▸ Provided records:
::::
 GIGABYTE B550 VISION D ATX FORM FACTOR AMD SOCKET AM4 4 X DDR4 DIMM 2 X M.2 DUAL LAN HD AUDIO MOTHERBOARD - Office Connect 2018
::::
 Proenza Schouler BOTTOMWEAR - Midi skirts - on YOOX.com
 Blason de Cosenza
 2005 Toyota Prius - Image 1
::::
▸ To do:
Please copy the lines in the records above between the one holding "Proenza Schouler BOTTOMWEAR" and the one holding "2005 Toyota Prius - Image 1", inclusive, exactly and with no other line.

▸ Response to the task:
 Proenza Schouler BOTTOMWEAR - Midi skirts - on YOOX.com
 Blason de Cosenza
 2005 Toyota Prius - Image 1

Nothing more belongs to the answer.